▶ [What needs to be done]: Only the lines below from the one containing "How to make" to the one containing "We'll look at" should be repeated, both included and unchanged.

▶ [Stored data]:

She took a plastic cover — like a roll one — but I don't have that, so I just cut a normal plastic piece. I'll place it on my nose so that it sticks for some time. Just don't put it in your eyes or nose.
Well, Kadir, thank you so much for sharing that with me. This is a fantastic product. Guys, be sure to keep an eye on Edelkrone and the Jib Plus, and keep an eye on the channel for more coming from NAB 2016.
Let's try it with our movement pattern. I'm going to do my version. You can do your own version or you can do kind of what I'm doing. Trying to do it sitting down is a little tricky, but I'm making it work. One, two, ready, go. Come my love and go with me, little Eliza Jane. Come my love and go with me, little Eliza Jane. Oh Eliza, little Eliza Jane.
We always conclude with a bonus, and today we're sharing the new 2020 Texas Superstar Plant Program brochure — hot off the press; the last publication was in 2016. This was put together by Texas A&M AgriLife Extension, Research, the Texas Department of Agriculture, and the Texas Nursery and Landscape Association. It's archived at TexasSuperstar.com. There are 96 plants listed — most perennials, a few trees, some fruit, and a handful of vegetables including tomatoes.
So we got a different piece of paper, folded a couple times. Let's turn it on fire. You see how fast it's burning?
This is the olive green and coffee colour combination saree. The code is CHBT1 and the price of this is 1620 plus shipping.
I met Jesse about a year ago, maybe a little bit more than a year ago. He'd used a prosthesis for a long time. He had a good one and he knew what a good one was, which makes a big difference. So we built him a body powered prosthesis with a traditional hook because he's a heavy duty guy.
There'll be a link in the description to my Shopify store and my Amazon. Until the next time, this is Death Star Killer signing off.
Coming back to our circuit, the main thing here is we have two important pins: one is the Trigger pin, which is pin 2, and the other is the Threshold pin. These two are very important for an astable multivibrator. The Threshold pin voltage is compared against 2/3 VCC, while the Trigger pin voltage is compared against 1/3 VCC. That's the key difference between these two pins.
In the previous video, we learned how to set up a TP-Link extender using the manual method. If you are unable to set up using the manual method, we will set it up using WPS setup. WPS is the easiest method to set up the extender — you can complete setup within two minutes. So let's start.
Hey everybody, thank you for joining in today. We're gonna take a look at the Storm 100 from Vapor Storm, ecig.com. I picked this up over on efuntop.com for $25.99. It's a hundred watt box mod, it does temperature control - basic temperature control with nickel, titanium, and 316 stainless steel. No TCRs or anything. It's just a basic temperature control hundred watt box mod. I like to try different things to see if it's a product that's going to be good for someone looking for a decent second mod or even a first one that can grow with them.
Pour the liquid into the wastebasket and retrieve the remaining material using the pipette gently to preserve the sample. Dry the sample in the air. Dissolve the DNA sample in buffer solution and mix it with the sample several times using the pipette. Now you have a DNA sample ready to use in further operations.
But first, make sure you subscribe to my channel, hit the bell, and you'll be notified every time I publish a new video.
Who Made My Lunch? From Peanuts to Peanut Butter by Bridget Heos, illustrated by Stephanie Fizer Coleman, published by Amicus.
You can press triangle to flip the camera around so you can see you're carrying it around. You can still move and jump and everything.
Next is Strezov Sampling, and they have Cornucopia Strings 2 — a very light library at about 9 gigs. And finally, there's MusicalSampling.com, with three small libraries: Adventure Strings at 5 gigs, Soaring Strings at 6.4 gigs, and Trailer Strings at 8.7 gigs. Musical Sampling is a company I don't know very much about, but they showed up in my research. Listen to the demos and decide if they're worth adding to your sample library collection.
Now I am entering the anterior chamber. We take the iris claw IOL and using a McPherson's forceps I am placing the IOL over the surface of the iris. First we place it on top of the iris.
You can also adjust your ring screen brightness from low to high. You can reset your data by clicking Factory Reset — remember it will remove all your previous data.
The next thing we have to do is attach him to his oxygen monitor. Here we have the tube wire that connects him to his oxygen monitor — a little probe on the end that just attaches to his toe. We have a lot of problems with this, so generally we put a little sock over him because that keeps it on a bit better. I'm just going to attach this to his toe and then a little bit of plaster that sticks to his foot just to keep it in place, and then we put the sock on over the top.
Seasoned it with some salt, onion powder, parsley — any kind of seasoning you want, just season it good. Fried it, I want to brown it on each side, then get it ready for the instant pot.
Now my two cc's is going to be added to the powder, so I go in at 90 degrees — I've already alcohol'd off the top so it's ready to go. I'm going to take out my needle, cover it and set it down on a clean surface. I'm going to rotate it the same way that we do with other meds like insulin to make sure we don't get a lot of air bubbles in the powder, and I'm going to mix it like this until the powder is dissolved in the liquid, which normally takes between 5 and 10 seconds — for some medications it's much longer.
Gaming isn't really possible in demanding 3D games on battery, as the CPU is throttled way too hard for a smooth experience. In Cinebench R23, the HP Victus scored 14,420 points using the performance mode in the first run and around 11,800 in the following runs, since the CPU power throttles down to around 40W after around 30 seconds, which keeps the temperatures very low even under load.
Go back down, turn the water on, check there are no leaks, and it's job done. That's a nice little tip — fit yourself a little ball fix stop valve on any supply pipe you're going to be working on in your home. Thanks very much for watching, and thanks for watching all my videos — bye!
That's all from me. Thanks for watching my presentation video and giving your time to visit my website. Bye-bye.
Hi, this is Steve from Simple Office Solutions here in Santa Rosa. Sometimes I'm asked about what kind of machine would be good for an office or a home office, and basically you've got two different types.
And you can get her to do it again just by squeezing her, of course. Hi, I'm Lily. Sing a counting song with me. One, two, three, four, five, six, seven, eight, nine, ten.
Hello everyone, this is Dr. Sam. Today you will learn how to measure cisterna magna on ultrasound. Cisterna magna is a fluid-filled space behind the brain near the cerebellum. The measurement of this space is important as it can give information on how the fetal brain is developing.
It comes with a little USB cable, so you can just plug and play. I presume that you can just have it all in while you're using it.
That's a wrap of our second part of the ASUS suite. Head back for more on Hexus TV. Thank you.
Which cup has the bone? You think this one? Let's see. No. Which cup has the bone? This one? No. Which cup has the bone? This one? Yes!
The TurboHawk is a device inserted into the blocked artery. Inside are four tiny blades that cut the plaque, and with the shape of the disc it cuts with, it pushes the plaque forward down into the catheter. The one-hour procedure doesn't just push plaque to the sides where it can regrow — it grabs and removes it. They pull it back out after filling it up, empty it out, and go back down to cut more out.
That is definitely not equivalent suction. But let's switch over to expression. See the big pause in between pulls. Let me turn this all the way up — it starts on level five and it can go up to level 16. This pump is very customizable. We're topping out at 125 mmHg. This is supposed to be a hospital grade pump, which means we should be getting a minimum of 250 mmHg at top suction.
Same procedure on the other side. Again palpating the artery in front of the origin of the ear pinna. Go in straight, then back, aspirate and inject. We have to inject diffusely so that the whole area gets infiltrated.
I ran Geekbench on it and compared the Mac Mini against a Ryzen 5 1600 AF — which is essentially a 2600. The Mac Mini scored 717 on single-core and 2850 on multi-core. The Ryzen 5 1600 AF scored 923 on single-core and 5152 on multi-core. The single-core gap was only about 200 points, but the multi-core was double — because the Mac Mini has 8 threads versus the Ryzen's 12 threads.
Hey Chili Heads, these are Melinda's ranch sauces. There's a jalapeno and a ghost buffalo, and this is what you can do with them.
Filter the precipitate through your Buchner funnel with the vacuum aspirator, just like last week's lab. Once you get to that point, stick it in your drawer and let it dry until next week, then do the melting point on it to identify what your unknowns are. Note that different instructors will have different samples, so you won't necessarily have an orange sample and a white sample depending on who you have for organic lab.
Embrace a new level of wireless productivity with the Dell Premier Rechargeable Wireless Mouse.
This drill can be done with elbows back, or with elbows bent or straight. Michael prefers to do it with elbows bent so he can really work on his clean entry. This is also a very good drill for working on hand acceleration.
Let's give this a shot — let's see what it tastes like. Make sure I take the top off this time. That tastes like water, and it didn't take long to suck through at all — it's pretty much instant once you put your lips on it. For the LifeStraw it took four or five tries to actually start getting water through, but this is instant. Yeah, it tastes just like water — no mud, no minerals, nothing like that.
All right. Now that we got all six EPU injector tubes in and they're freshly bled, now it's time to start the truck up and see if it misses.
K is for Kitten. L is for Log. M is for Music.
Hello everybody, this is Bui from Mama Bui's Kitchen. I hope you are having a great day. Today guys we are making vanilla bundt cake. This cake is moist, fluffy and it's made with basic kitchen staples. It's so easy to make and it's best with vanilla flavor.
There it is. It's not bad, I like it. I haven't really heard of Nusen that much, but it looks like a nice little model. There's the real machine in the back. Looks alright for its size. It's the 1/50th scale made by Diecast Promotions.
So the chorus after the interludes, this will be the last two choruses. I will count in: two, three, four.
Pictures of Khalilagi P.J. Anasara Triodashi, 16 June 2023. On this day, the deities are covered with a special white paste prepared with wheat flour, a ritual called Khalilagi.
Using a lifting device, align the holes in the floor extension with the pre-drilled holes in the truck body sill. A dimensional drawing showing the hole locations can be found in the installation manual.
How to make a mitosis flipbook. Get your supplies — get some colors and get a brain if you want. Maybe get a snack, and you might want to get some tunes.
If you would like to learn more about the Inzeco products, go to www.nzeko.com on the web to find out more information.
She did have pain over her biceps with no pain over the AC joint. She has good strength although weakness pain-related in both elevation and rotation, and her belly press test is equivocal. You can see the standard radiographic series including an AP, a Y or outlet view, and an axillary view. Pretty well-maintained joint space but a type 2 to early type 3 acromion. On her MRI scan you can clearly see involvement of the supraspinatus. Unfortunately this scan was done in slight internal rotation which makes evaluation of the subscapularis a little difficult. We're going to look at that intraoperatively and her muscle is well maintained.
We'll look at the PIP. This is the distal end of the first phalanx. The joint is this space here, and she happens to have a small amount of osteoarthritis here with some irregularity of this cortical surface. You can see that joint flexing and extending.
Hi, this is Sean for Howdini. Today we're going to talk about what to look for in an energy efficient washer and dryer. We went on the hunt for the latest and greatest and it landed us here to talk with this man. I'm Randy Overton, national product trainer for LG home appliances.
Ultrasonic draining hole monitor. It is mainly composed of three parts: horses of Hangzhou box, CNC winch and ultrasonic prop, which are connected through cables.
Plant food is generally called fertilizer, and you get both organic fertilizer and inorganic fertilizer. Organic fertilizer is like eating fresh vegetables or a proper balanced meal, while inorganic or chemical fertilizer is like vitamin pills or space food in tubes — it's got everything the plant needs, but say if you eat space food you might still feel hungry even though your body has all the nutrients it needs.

▶ [Exercise response]:
How to make a mitosis flipbook. Get your supplies — get some colors and get a brain if you want. Maybe get a snack, and you might want to get some tunes.
If you would like to learn more about the Inzeco products, go to www.nzeko.com on the web to find out more information.
She did have pain over her biceps with no pain over the AC joint. She has good strength although weakness pain-related in both elevation and rotation, and her belly press test is equivocal. You can see the standard radiographic series including an AP, a Y or outlet view, and an axillary view. Pretty well-maintained joint space but a type 2 to early type 3 acromion. On her MRI scan you can clearly see involvement of the supraspinatus. Unfortunately this scan was done in slight internal rotation which makes evaluation of the subscapularis a little difficult. We're going to look at that intraoperatively and her muscle is well maintained.
We'll look at the PIP. This is the distal end of the first phalanx. The joint is this space here, and she happens to have a small amount of osteoarthritis here with some irregularity of this cortical surface. You can see that joint flexing and extending.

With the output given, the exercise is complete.